Michaƫl G. (Bakura) said...

Interesting reading. How do you handle effects in this design ? For instance, let's say you want to render shadow maps for each lights in the scene ?

Is there a kind of ShadowMapFeature (so MeshRenderer will register into this) that will create, for each light, render commands ?

What about the so-called ShaderParamBlockParameter ? How shader variables are updated with this system ?

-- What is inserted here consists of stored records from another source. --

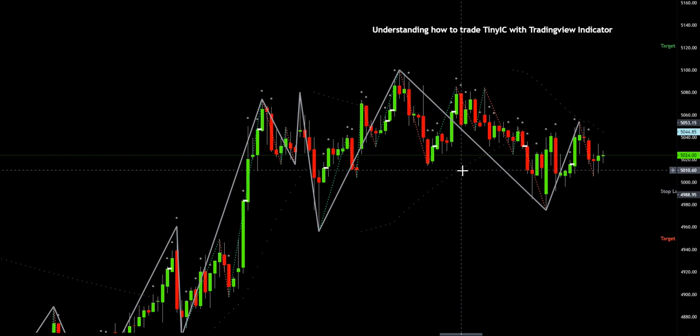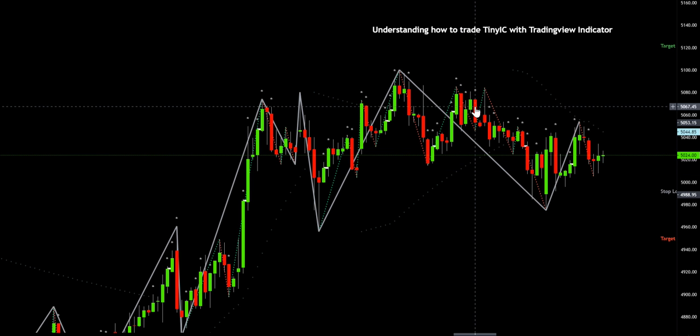The next and most important part is the Tiny IC. When Tiny ICs are available on the chart, they are marked with a blue dot. As we move further with the demonstration, we would see how it comes and what it signals. It basically marks the targets and the stop loss on the upside as well as on the downside, making the trade extremely simple.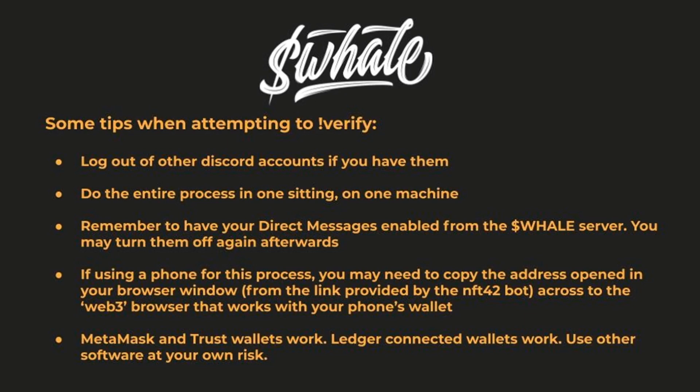If you use a phone to do this, you might need to copy the address from the browser that automatically opens up into the browser that you're using for your wallet. We know that MetaMask and Trust wallets work, but we haven't tested other wallets. You can try to use other wallets, but if you can't get it to work, unfortunately we won't be able to help you with support.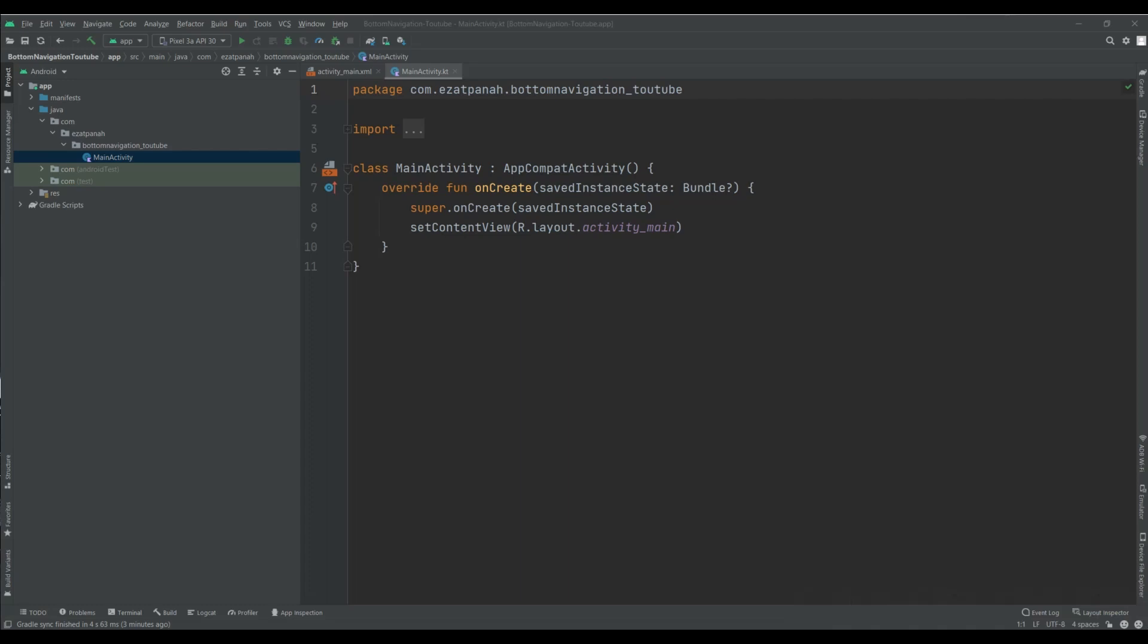Hey guys, I'm Reyhane and in this video I'm going to show you how to create bottom navigation in your Android project. Okay, let's start.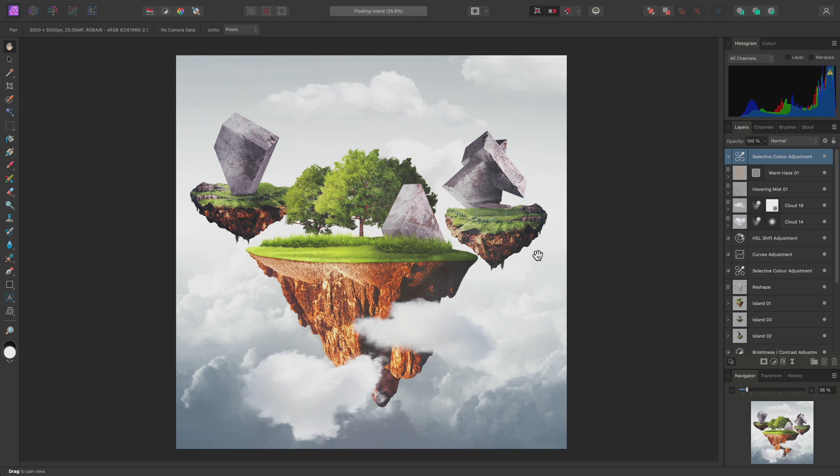I'll show you quickly how groups work in Affinity Photo. Groups are primarily used for organizational purposes, making the layer stack tidier and more compact.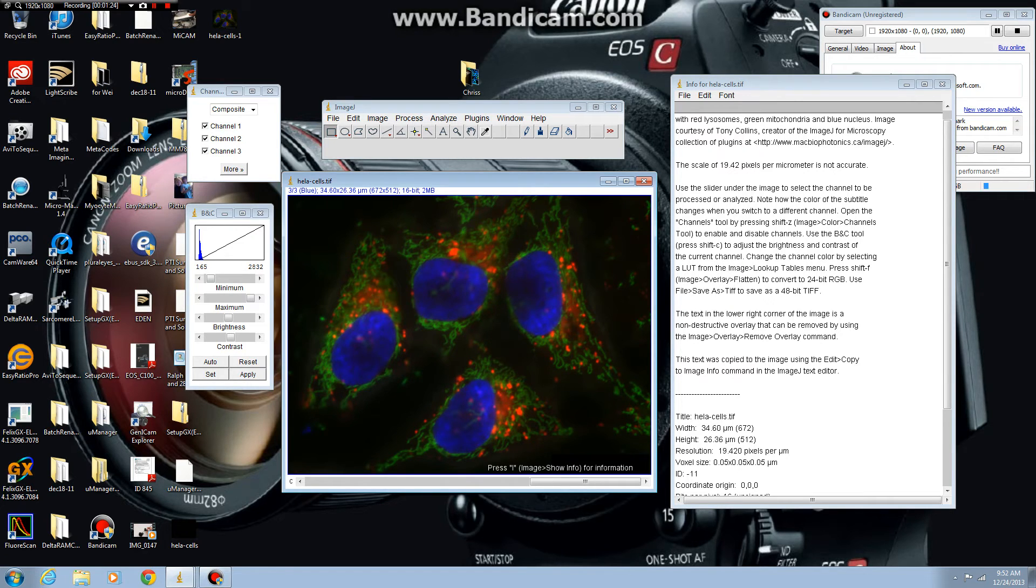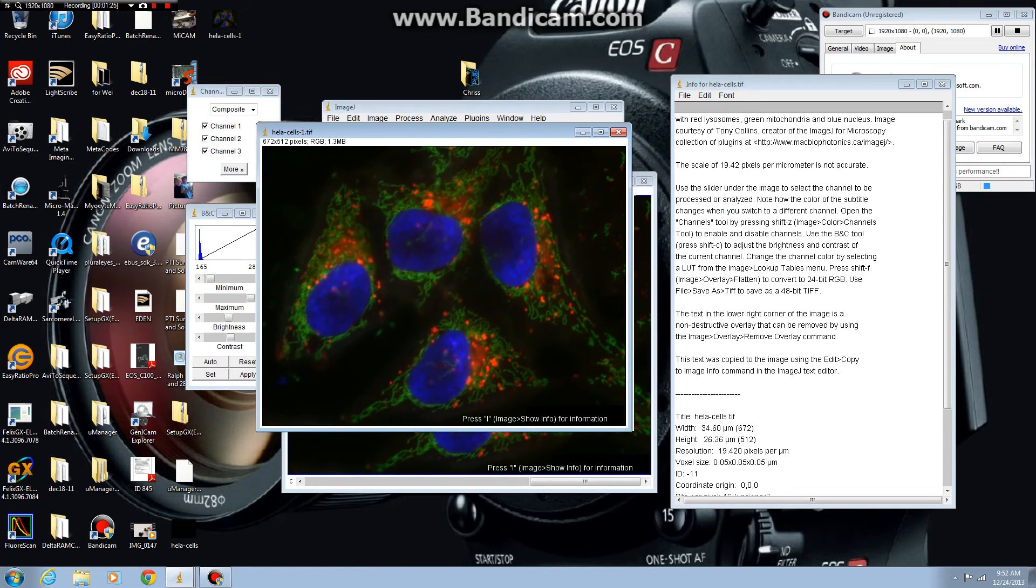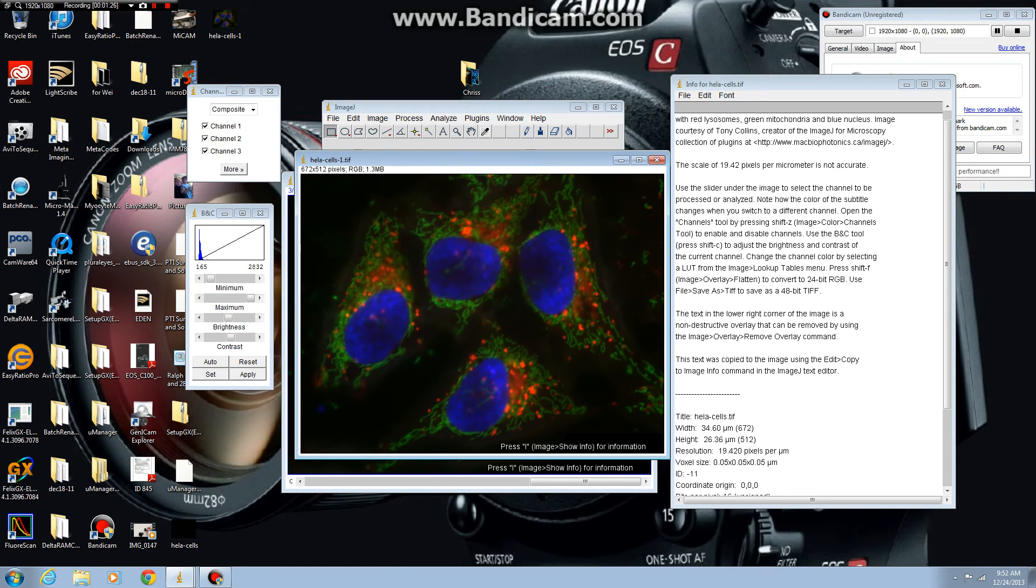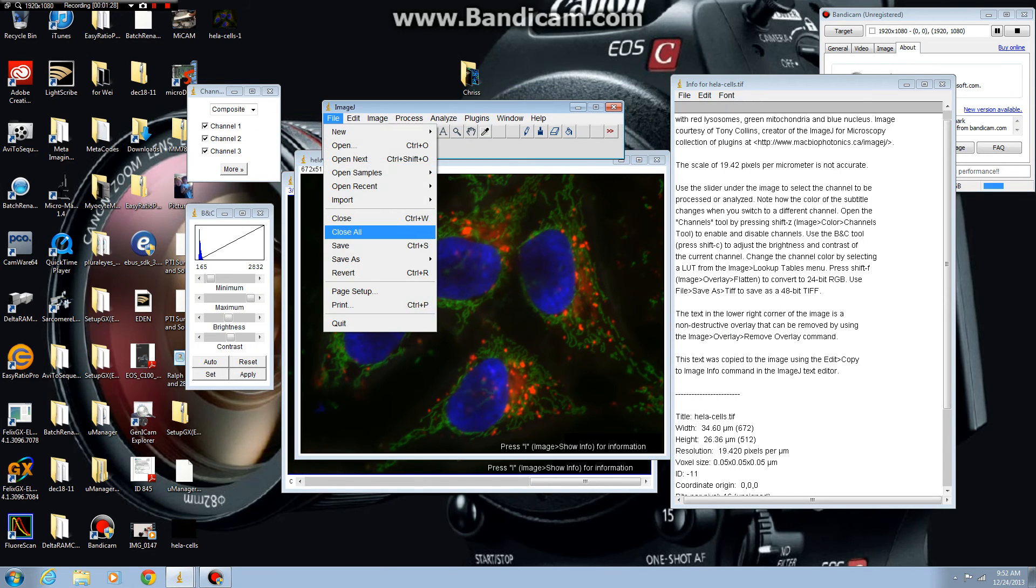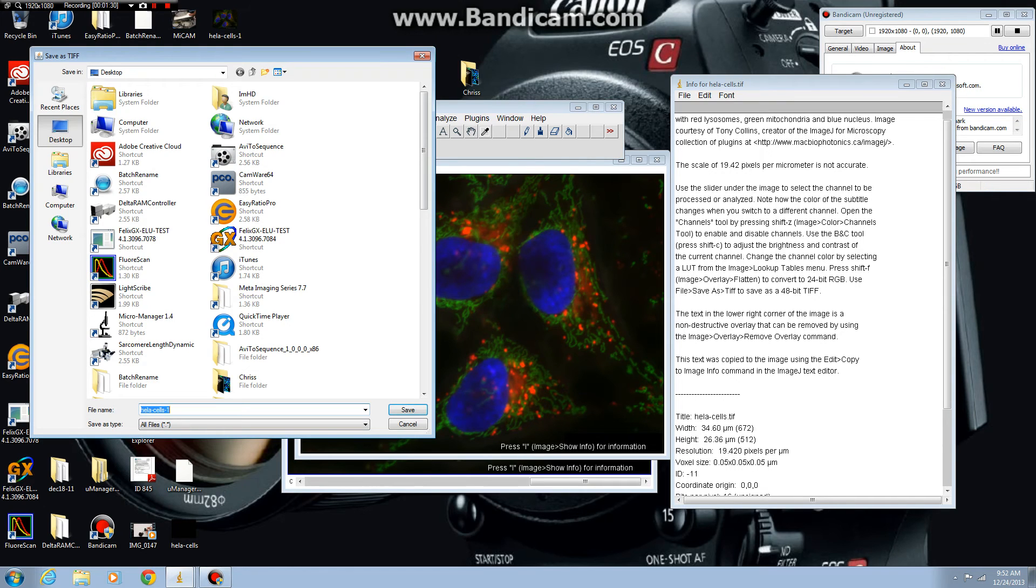Shift-F creates a new image. From this image window, select File, Save as TIFF. We'll save it to the desktop as HeLaCells1.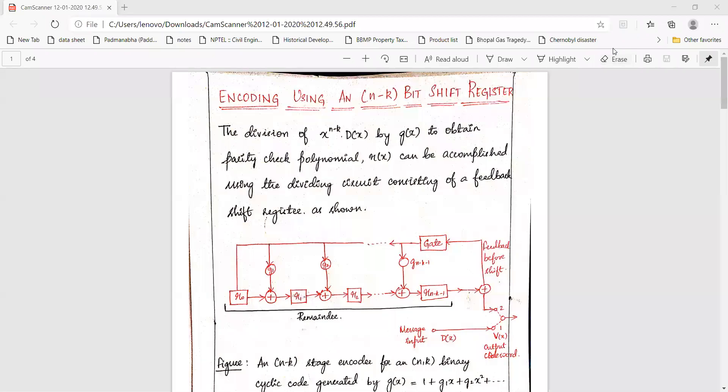Hello everyone, this is your course instructor Harshita. In the previous session we studied about binary cyclic codes from module 4. Continuing with module 4, we have the next topic: encoding using an n-k bit shift register.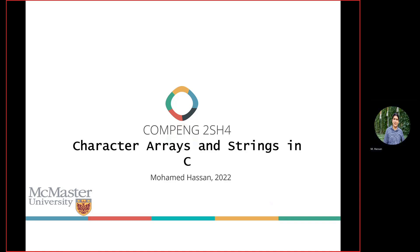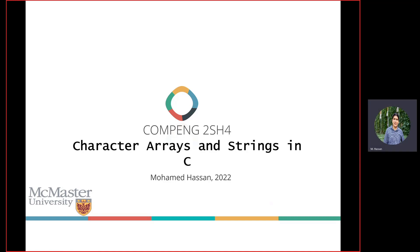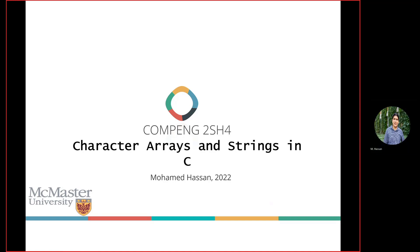So far we have covered arrays in pretty good coverage except one topic related to arrays, especially in C. In other programming languages, this topic isn't as relevant because most languages have an inherent type called string. In C, we don't have an inherent type called string, so we build it ourselves. Strings are nothing other than arrays of characters — you put letters beside each other and they make a string.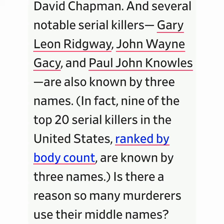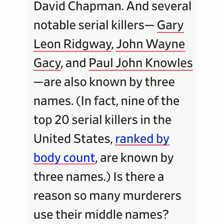Gary Leon Ridgway, John Wayne Gacy, and Paul John Knowles are also known by three names. In fact, nine of the top 20 serial killers in the United States, ranked by body count, are known by three names. Is there a reason so many murderers use their middle names? It seems to be a coincidence. The three most famous political assassins in U.S. history used their middle names, but many others did not. For example, of the 12 people who have made legitimate attempts to kill a U.S. president, former president, or president-elect, only Booth, Oswald...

Sorry for those silly questions.

DEADC0DE said...


Shadowmaps should be handled by your "scene" context. In my post I used some arbitrary names and terminology, I said that you will have a thing called "SceneInterpreter" that is associated with the most-significant bits of your command, and sets the rendertargets etc... So if you want some objects to be shadowmapped, you submit commands to render them twice, a set of command for the "main" scene, and a set of commands for the "shadow" one. Then commands get sorted and rendering happens in the appropriate buffers. You might want to include in the commands the appropriate materials for the two passes, or specialize your SceneInterpreter so when it encounters a command that has encoded in its bits the "shadow" scene setting, it also sets (overrides) the appropriate shaders...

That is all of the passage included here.